A smart implementation that combines multiple optimization strategies to achieve balanced precision-recall performance while adapting to changing data patterns.

Ready for some cool stuff? Here’s how we can tackle this:

import numpy as np
from sklearn.base import BaseEstimator, ClassifierMixin
from sklearn.preprocessing import StandardScaler

class HybridOptimizer(BaseEstimator, ClassifierMixin):
    def __init__(self, base_estimator, target_precision=0.8,
                 target_recall=0.8, adaptation_rate=0.01):
        self.base_estimator = base_estimator
        self.target_precision = target_precision
        self.target_recall = target_recall
        self.adaptation_rate = adaptation_rate
        self.scaler = StandardScaler()
        self.thresholds = {}
        
    def fit(self, X, y):
        # Scale features
        X_scaled = self.scaler.fit_transform(X)
        
        # Train base estimator
        self.base_estimator.fit(X_scaled, y)
        
        # Initialize dynamic thresholds
        proba = self.base_estimator.predict_proba(X_scaled)
        self._optimize_thresholds(proba, y)
        
        return self
    
    def _optimize_thresholds(self, probabilities, y_true):
        pos_scores = probabilities[y_true == 1, 1]
        neg_scores = probabilities[y_true == 0, 1]
        
        # Calculate initial thresholds
        precision_threshold = np.percentile(neg_scores, 
            (1 - self.target_precision) * 100)
        recall_threshold = np.percentile(pos_scores, 
            (1 - self.target_recall) * 100)
        
        self.thresholds = {
            'precision': precision_threshold,
            'recall': recall_threshold,
            'hybrid': (precision_threshold + recall_threshold) / 2
        }
        
    def predict_proba(self, X):
        X_scaled = self.scaler.transform(X)
        return self.base_estimator.predict_proba(X_scaled)
    
    def predict(self, X, optimize_for='hybrid'):
        proba = self.predict_proba(X)
        threshold = self.thresholds.get(optimize_for, 0.5)
        return (proba[:, 1] >= threshold).astype(int)
    
    def update_thresholds(self, X, y):
        proba = self.predict_proba(X)
        
        # Calculate current metrics
        preds_p = (proba[:, 1] >= self.thresholds['precision']).astype(int)
        preds_r = (proba[:, 1] >= self.thresholds['recall']).astype(int)
        
        tp_p = np.sum((y == 1) & (preds_p == 1))
        fp_p = np.sum((y == 0) & (preds_p == 1))
        fn_p = np.sum((y == 1) & (preds_p == 0))
        
        precision = tp_p / (tp_p + fp_p) if (tp_p + fp_p) > 0 else 0
        recall = tp_p / (tp_p + fn_p) if (tp_p + fn_p) > 0 else 0
        
        # Update thresholds
        if precision < self.target_precision:
            self.thresholds['precision'] += self.adaptation_rate
        if recall < self.target_recall:
            self.thresholds['recall'] -= self.adaptation_rate
            
        self.thresholds['hybrid'] = (self.thresholds['precision'] + 
                                   self.thresholds['recall']) / 2

# Example usage
from sklearn.ensemble import RandomForestClassifier

X = np.random.rand(1000, 5)
y = (X.sum(axis=1) > 2.5).astype(int)

optimizer = HybridOptimizer(
    RandomForestClassifier(n_estimators=100, random_state=42)
)
optimizer.fit(X, y)

# Test different optimization strategies
preds_precision = optimizer.predict(X, optimize_for='precision')
preds_recall = optimizer.predict(X, optimize_for='recall')
preds_hybrid = optimizer.predict(X, optimize_for='hybrid')
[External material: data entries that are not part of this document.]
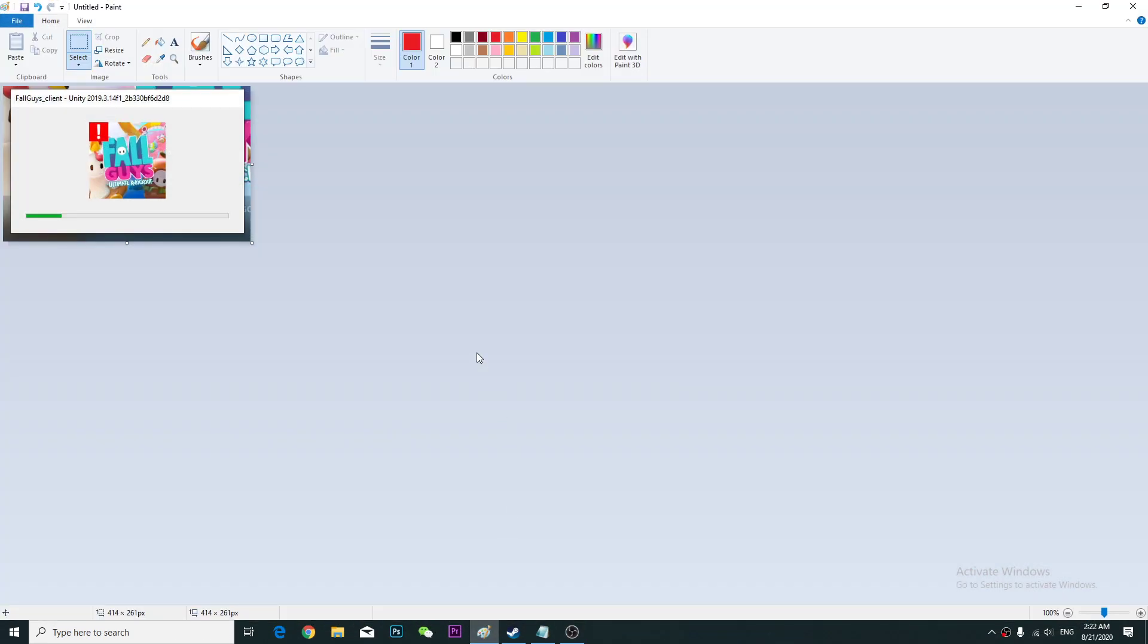Hey guys, in this video I'd like to talk about how to fix this kind of problem like Fall Guys Client Unity 2019 and you're having this error.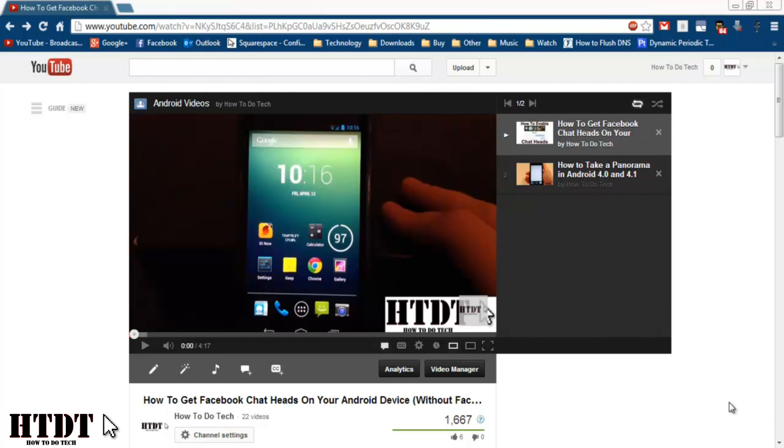Hello everyone, this is Alex Bovolczyk from HowToDoTech.com and today I'm going to be showing you a really quick tutorial on how to watch a video that's in a playlist without it being in the playlist.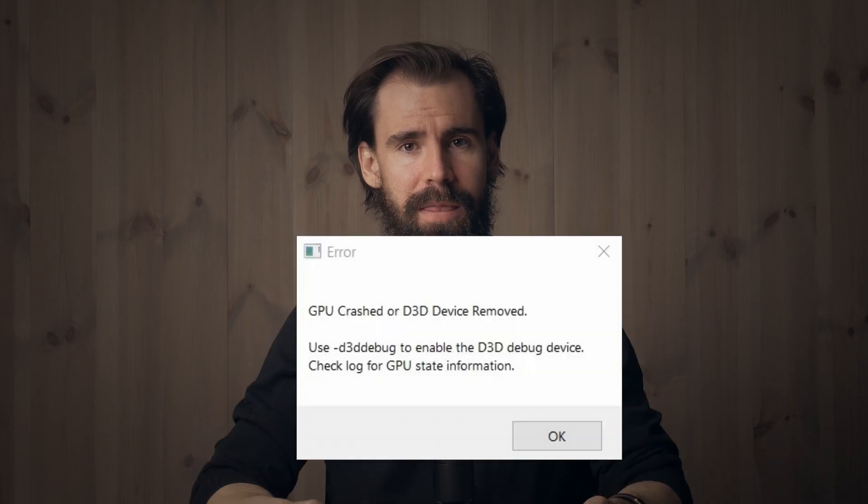Crashes — we've all had them. Anyone working in Unreal long enough has had this show up. It happens without fail when you're about to wrap up a personal project you've been working on for months, or you're in the middle of production and you have a delivery by end of day. You think you're almost done, and then — crash.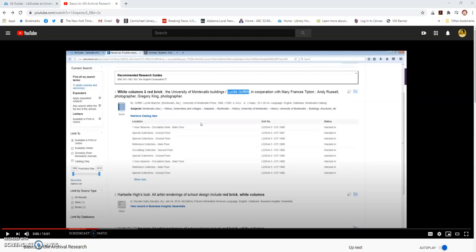Hello, this is University of Montevallo Archivist Kerry Heathaway again. This video is meant to be a supplement to the basics of UM archival research that you may have already watched. I just want to make you aware of a couple of changes from that last video that makes it more convenient for you as a researcher.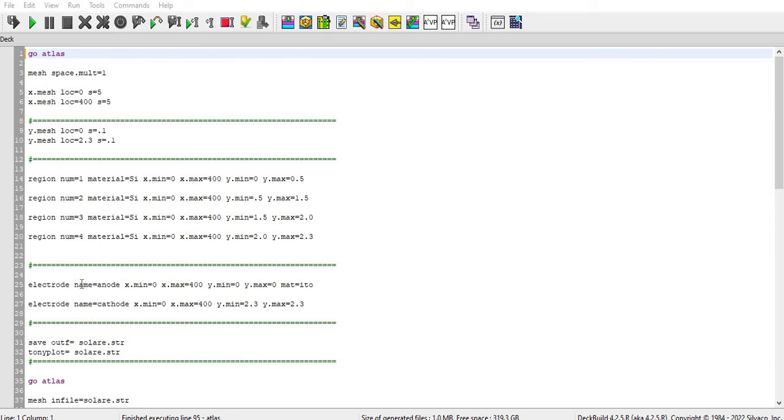Hi, welcome to my YouTube channel. Today I'm going to do simulation on silicon solar cell, so please subscribe my YouTube channel for more such videos. Let's start with coding. Starting with the Go Atlas where I start writing the code.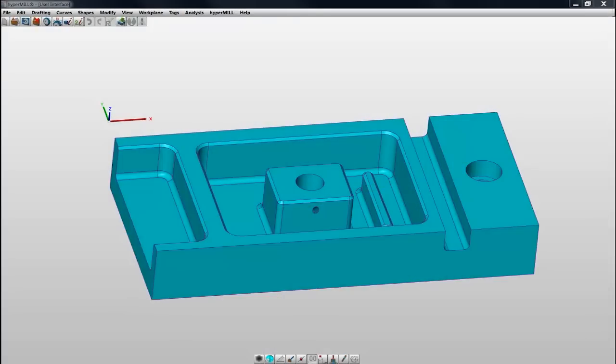Welcome to HyperCAD S, the 64-bit CAD platform for HyperMil. In this video, we'll briefly introduce the user interface.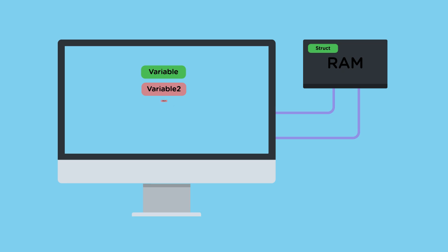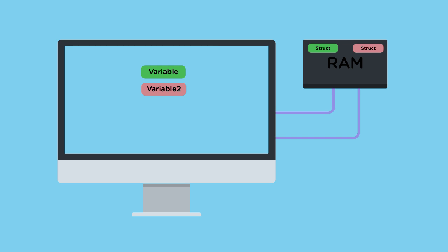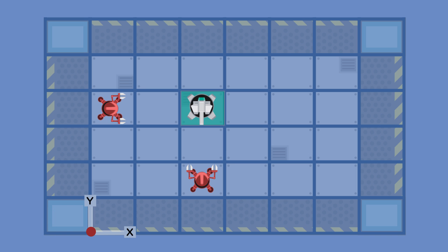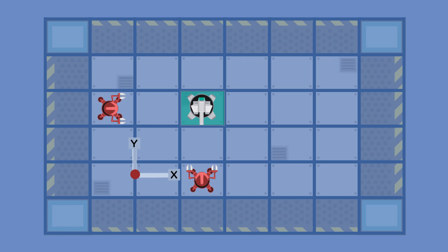Object-oriented programming forms the foundation for iOS development. And by taking this course, you will be well on your way to understanding concepts that will help you build many apps. Join me and let's get started.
🚀 Online Learning with Precision-Recall Adaptation - Made Simple!

This example shows you an online learning system that continuously adapts its precision-recall trade-off based on streaming data, suitable for real-world applications with evolving patterns.

Let’s break this down together! Here’s how we can tackle this:

import numpy as np
from collections import deque
from sklearn.linear_model import SGDClassifier

class OnlinePROptimizer:
    def __init__(self, feature_dim, buffer_size=1000,
                 pr_weight=0.5, learning_rate=0.01):
        self.model = SGDClassifier(loss='log_loss', 
                                 learning_rate='constant',
                                 eta0=learning_rate)
        self.buffer = deque(maxlen=buffer_size)
        self.pr_weight = pr_weight
        self.thresholds = np.linspace(0, 1, 100)
        self.performance_history = []
        
    def partial_fit(self, X, y):
        # Update model
        self.model.partial_fit(X, y, classes=[0, 1])
        
        # Store in buffer for threshold optimization
        proba = self.model.predict_proba(X)
        for p, label in zip(proba, y):
            self.buffer.append((p[1], label))
            
        # Optimize threshold
        self._optimize_threshold()
        
        return self
    
    def _optimize_threshold(self):
        if len(self.buffer) < 100:
            return
            
        scores, labels = zip(*self.buffer)
        scores = np.array(scores)
        labels = np.array(labels)
        
        best_score = -np.inf
        best_threshold = 0.5
        
        for threshold in self.thresholds:
            preds = (scores >= threshold).astype(int)
            
            tp = np.sum((labels == 1) & (preds == 1))
            fp = np.sum((labels == 0) & (preds == 1))
            fn = np.sum((labels == 1) & (preds == 0))
            
            precision = tp / (tp + fp) if (tp + fp) > 0 else 0
            recall = tp / (tp + fn) if (tp + fn) > 0 else 0
            
            # Combined score
            score = (self.pr_weight * precision + 
                    (1 - self.pr_weight) * recall)
                    
            if score > best_score:
                best_score = score
                best_threshold = threshold
                
        self.current_threshold = best_threshold
        self.performance_history.append({
            'threshold': best_threshold,
            'score': best_score
        })
        
    def predict_proba(self, X):
        return self.model.predict_proba(X)
        
    def predict(self, X):
        proba = self.predict_proba(X)
        return (proba[:, 1] >= self.current_threshold).astype(int)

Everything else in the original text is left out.